[Crawled caption data]
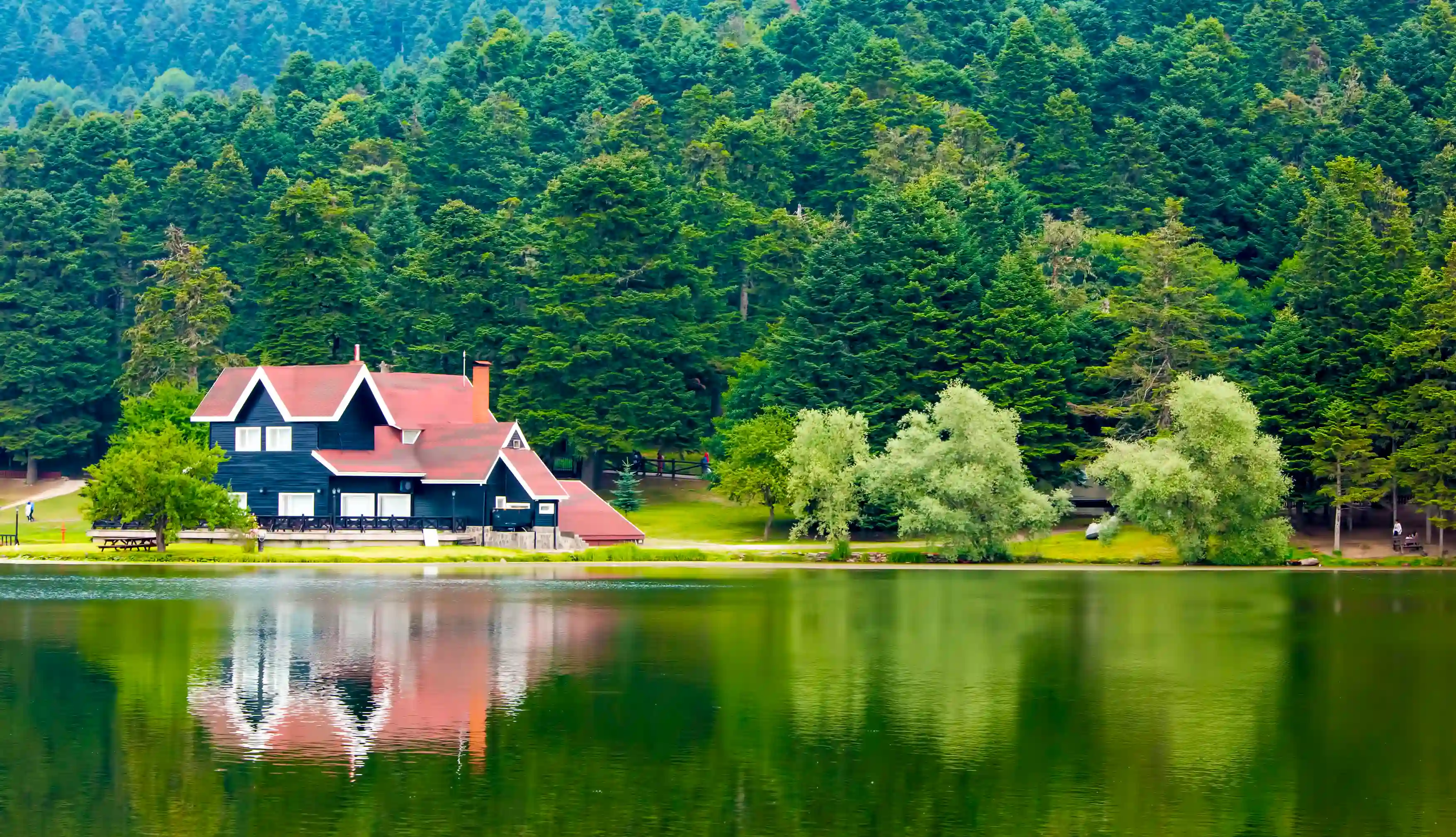 Doğayla Baş Başa - Abant & Gölcük Turu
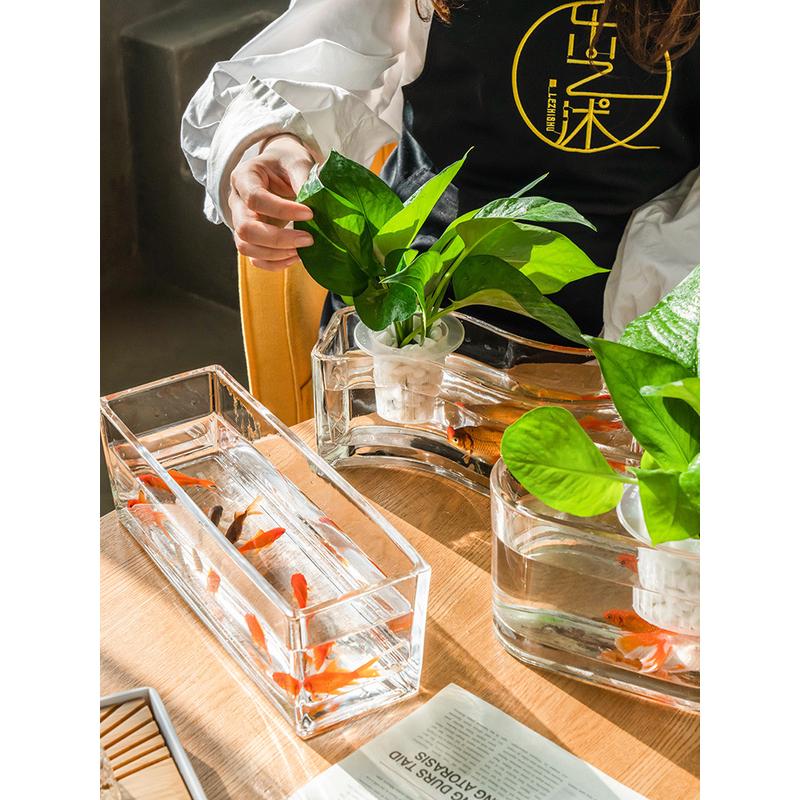 生态瓶微景观水族箱造景斗鱼缸水养植物容器创意鱼花共养造景花瓶
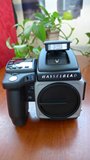 Hasselblad 哈苏H5D-60  最好的中画幅相机最大感光元件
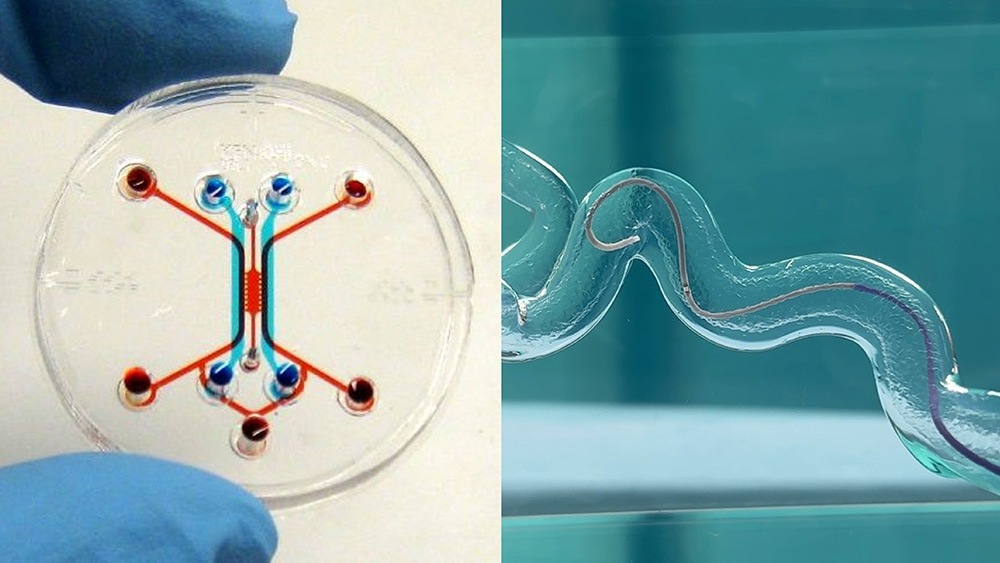 流体科学技術が発展させる医工学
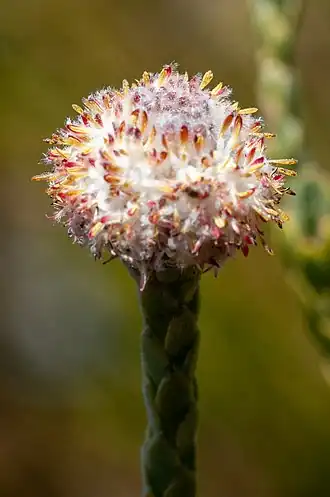 Description de l'image Leucadendron dubium 25746196.jpg.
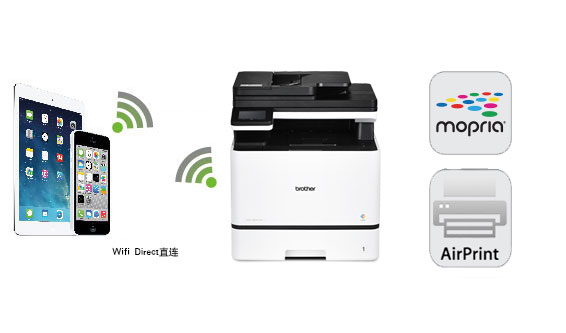 ֱ������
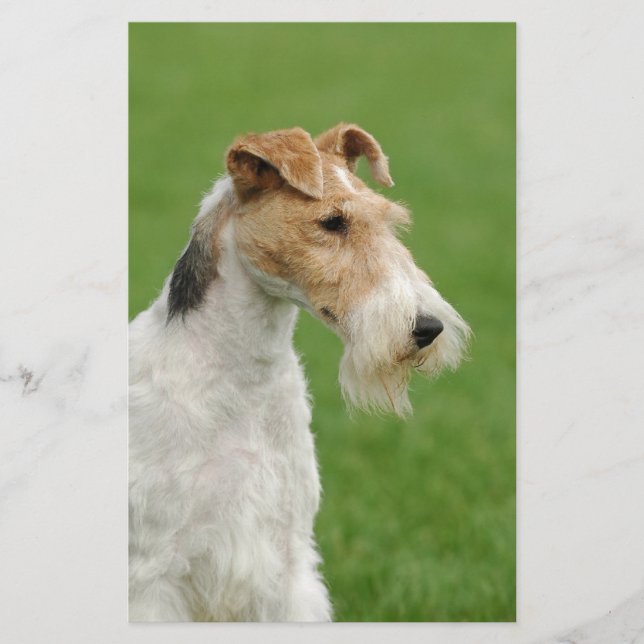 Papeterie Fox Terrier (Devant)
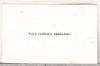 Bnk div Carte de vizita cu felicitare olografa - Puia Florica Rebreanu - 1971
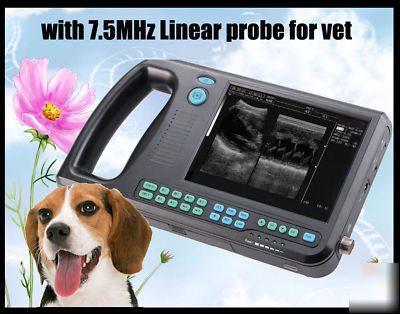 Digital palmsmart b-ultrasound uitrasound scanner vet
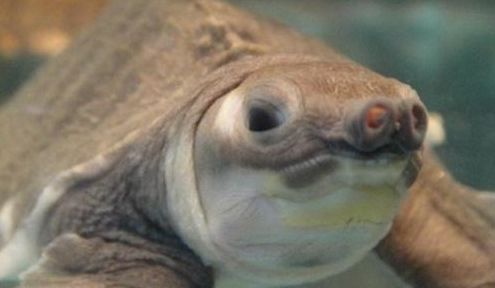 豬鼻龜皮膚潰爛需要清理：豬鼻龜爛甲腐皮怎么辦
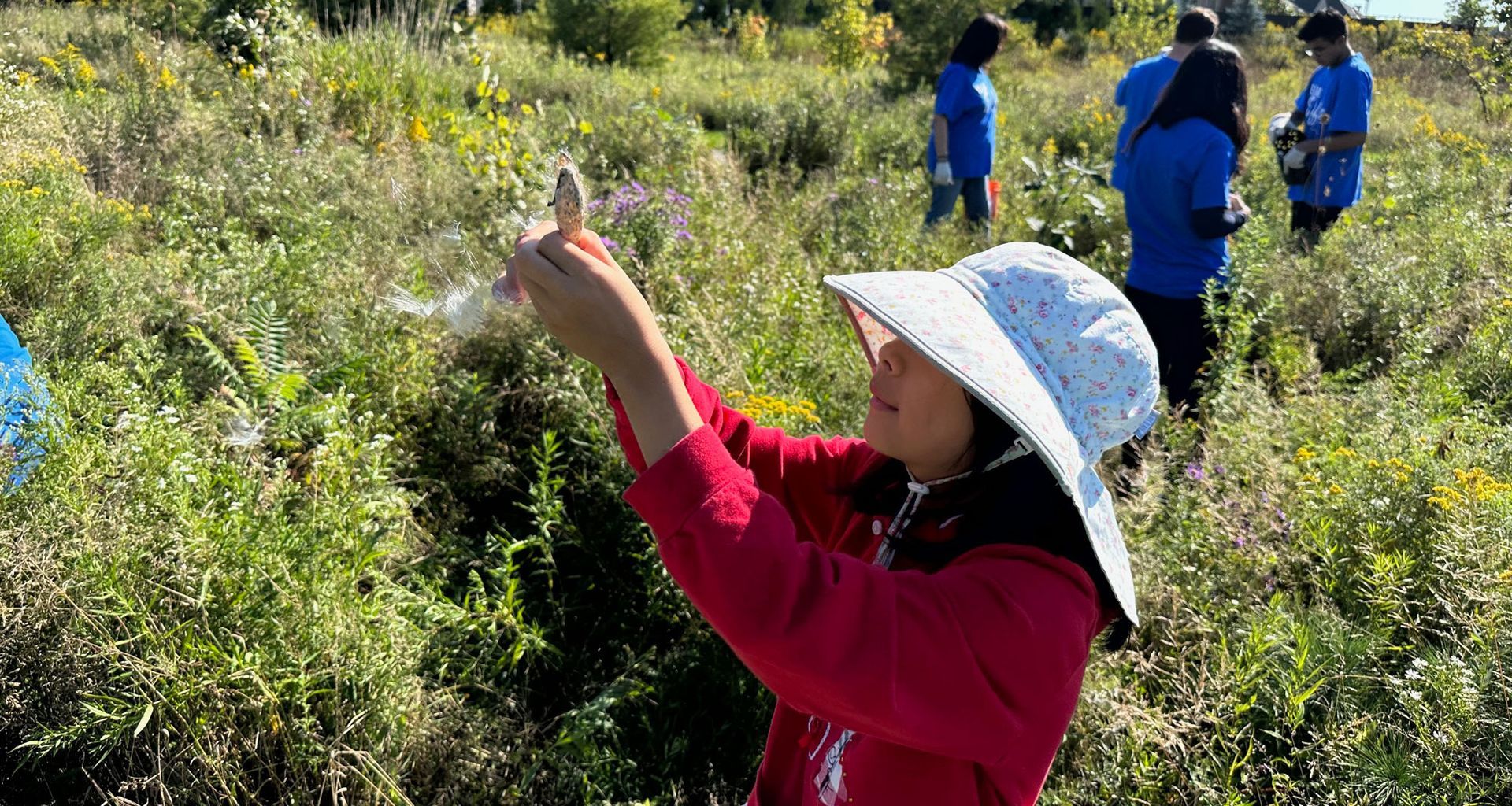 Young girl collecting seeds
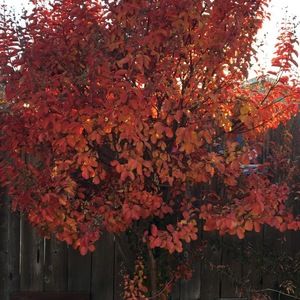 Meet your Posher, Lynai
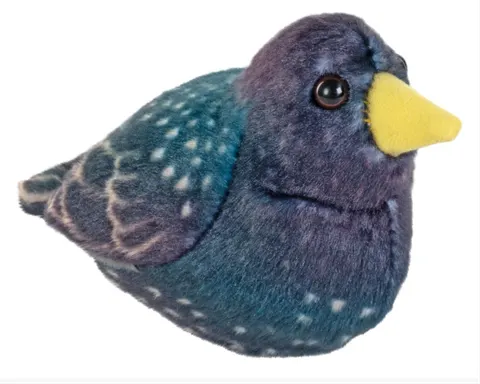 Ptak Szpak maskotka z dźwiękiem RSPB Wild Republic 3+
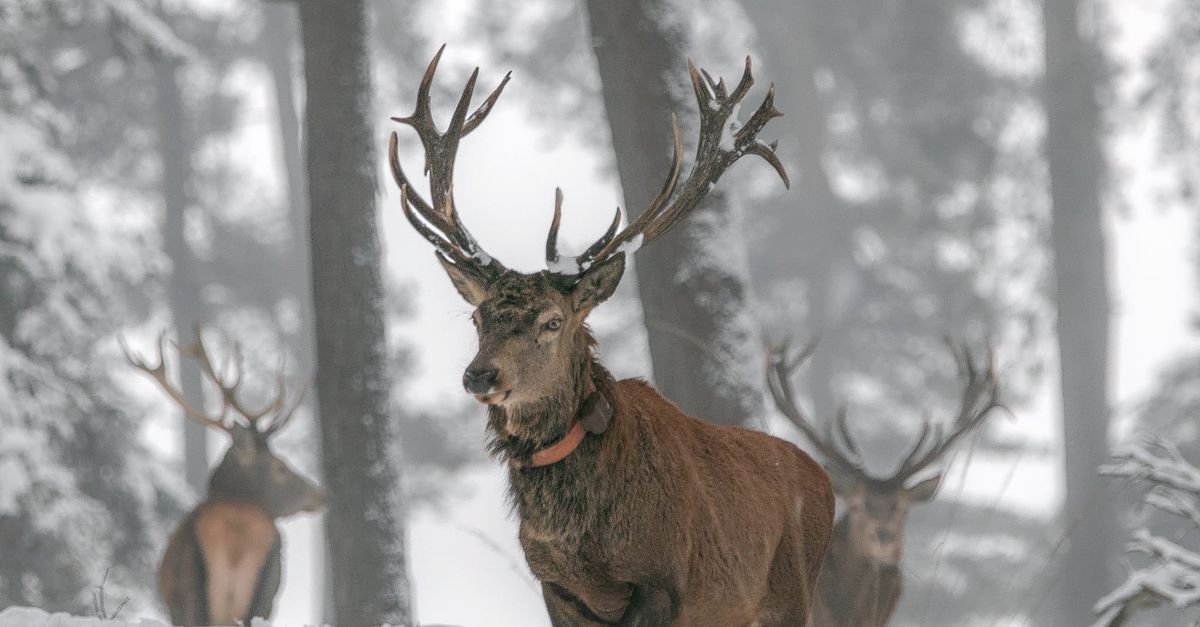 Hoe verhoudt de wolf zich tot zijn prooien (zoals herten)? Om die vraag te beantwoorden heb je wel een wolf nodig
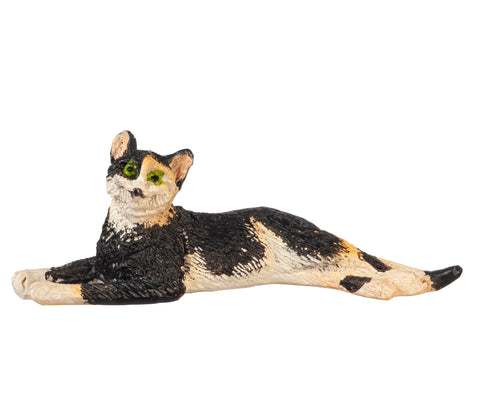 Cat, Laying Stretched, Calico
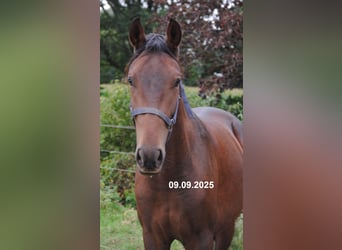 PRE Mestizo, Caballo castrado, 2 años, 157 cm, Castaño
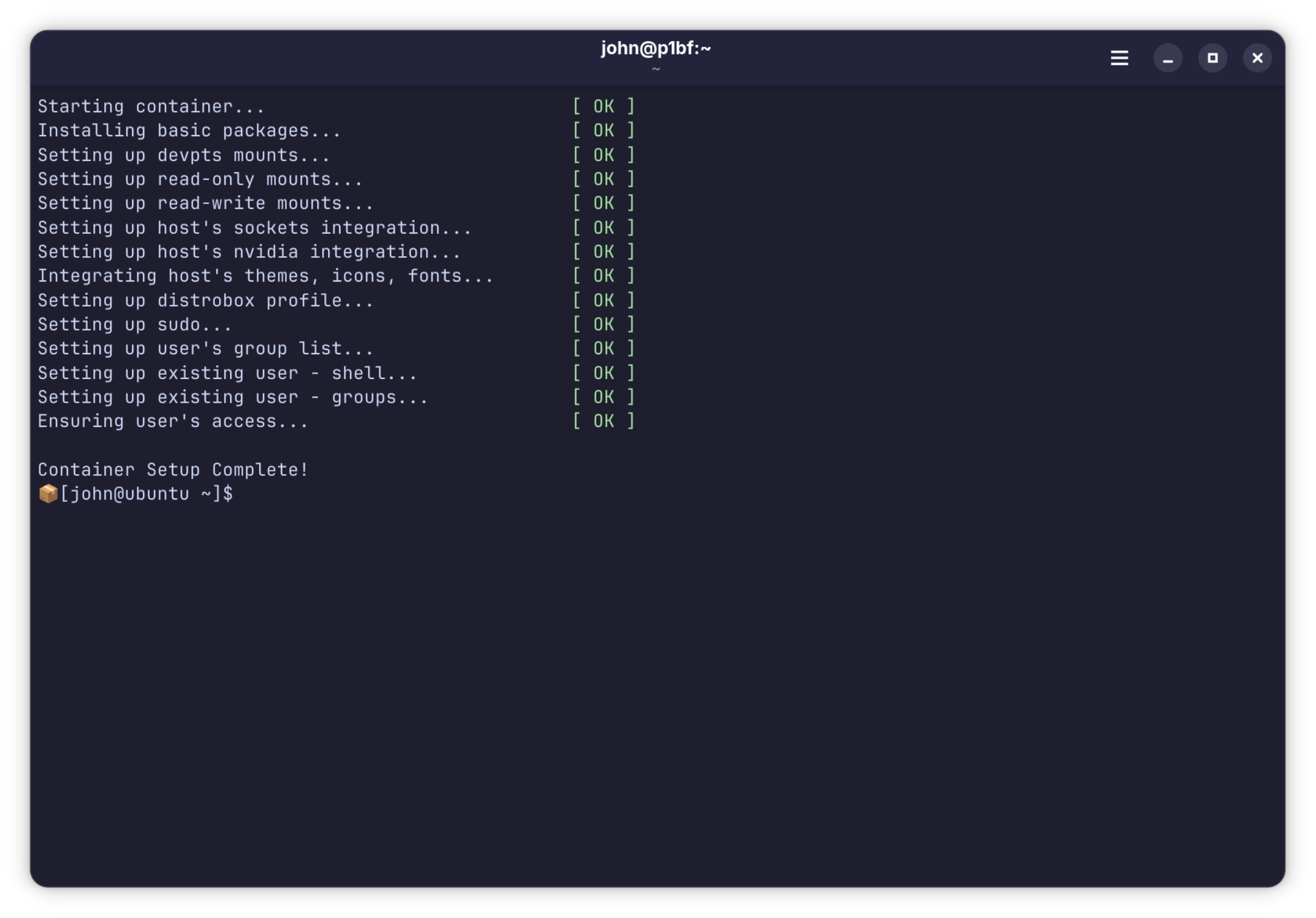 Terminal showing the container setup completing and a shell prompt inside the ubuntu box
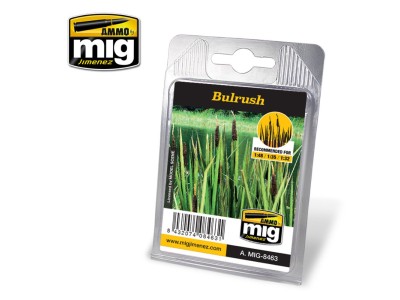 Bulrush 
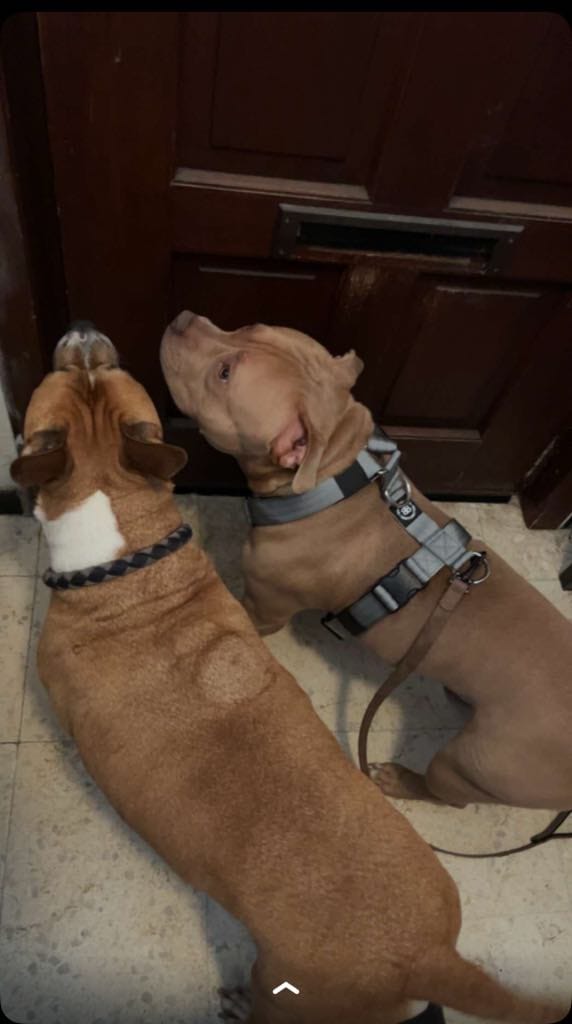 Customer photo review of Training Anti Pull TRI-Harness® | M-XL Breeds - Metal Grey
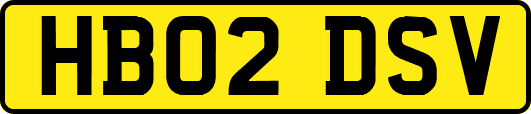 HB02DSV
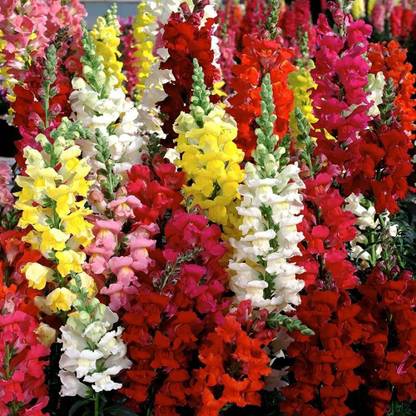 Lorvox Antirrhinum/Snapdragon/Dog Flower Dwarf Flower Seed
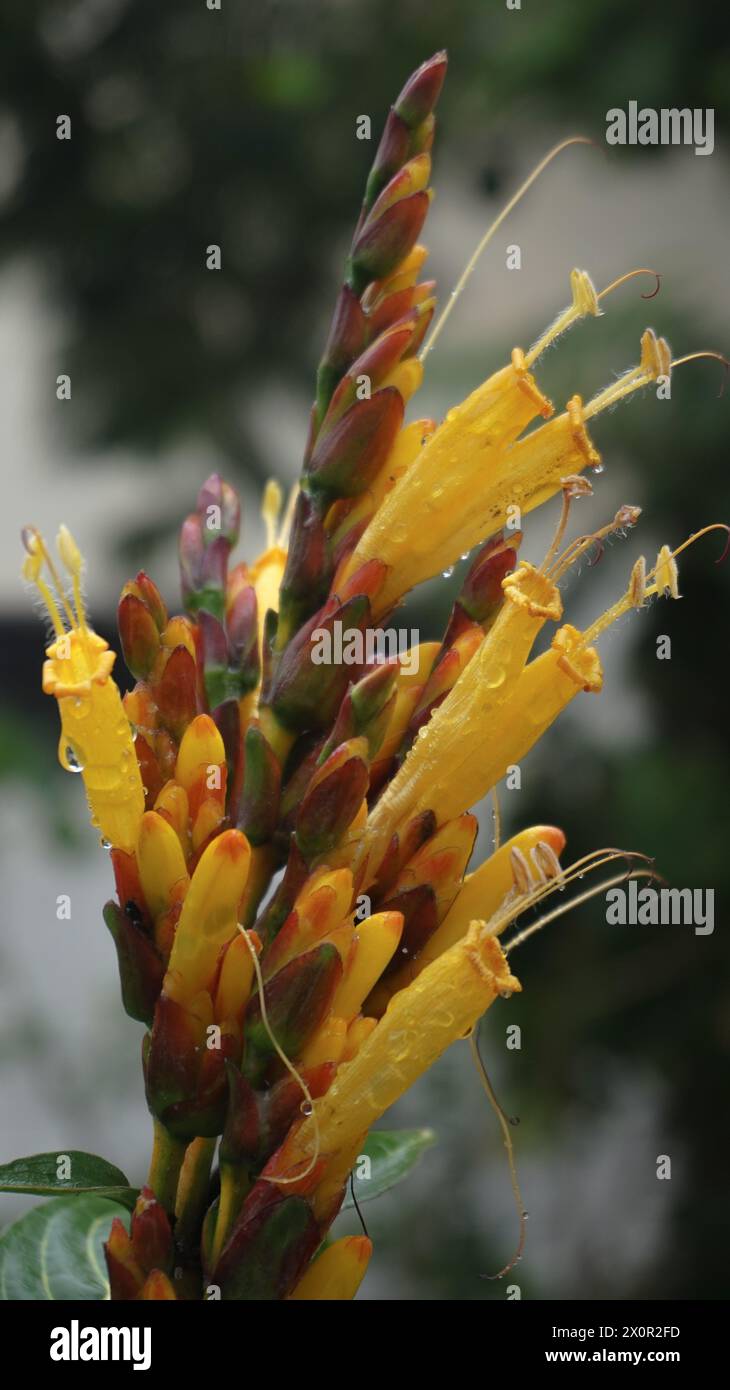 Orange flower in the garden Stock Photo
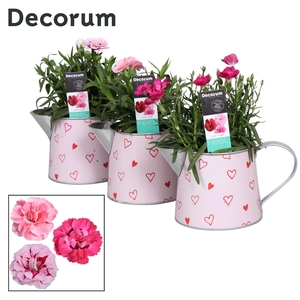 Dianthus - 10,5 cm - Sweet Watering Can - Decorum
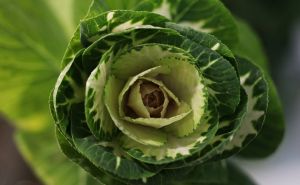 Genijalan trik u kuhinji: Kuharske tajne koje će od kupusa napraviti deliciju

• WORK REQUEST: Transcribe the lines above exactly, setting aside any picture among them.

• EXERCISE SOLUTION:
 Doğayla Baş Başa - Abant & Gölcük Turu
 生态瓶微景观水族箱造景斗鱼缸水养植物容器创意鱼花共养造景花瓶
 Hasselblad 哈苏H5D-60  最好的中画幅相机最大感光元件
 流体科学技術が発展させる医工学
 Description de l'image Leucadendron dubium 25746196.jpg.
 ֱ������
 Papeterie Fox Terrier (Devant)
 Bnk div Carte de vizita cu felicitare olografa - Puia Florica Rebreanu - 1971
 Digital palmsmart b-ultrasound uitrasound scanner vet
 豬鼻龜皮膚潰爛需要清理：豬鼻龜爛甲腐皮怎么辦
 Young girl collecting seeds
 Meet your Posher, Lynai
 Ptak Szpak maskotka z dźwiękiem RSPB Wild Republic 3+
 Hoe verhoudt de wolf zich tot zijn prooien (zoals herten)? Om die vraag te beantwoorden heb je wel een wolf nodig
 Cat, Laying Stretched, Calico
 PRE Mestizo, Caballo castrado, 2 años, 157 cm, Castaño
 Terminal showing the container setup completing and a shell prompt inside the ubuntu box
 Bulrush 
 Customer photo review of Training Anti Pull TRI-Harness® | M-XL Breeds - Metal Grey
 HB02DSV
 Lorvox Antirrhinum/Snapdragon/Dog Flower Dwarf Flower Seed
 Orange flower in the garden Stock Photo
 Dianthus - 10,5 cm - Sweet Watering Can - Decorum
 Genijalan trik u kuhinji: Kuharske tajne koje će od kupusa napraviti deliciju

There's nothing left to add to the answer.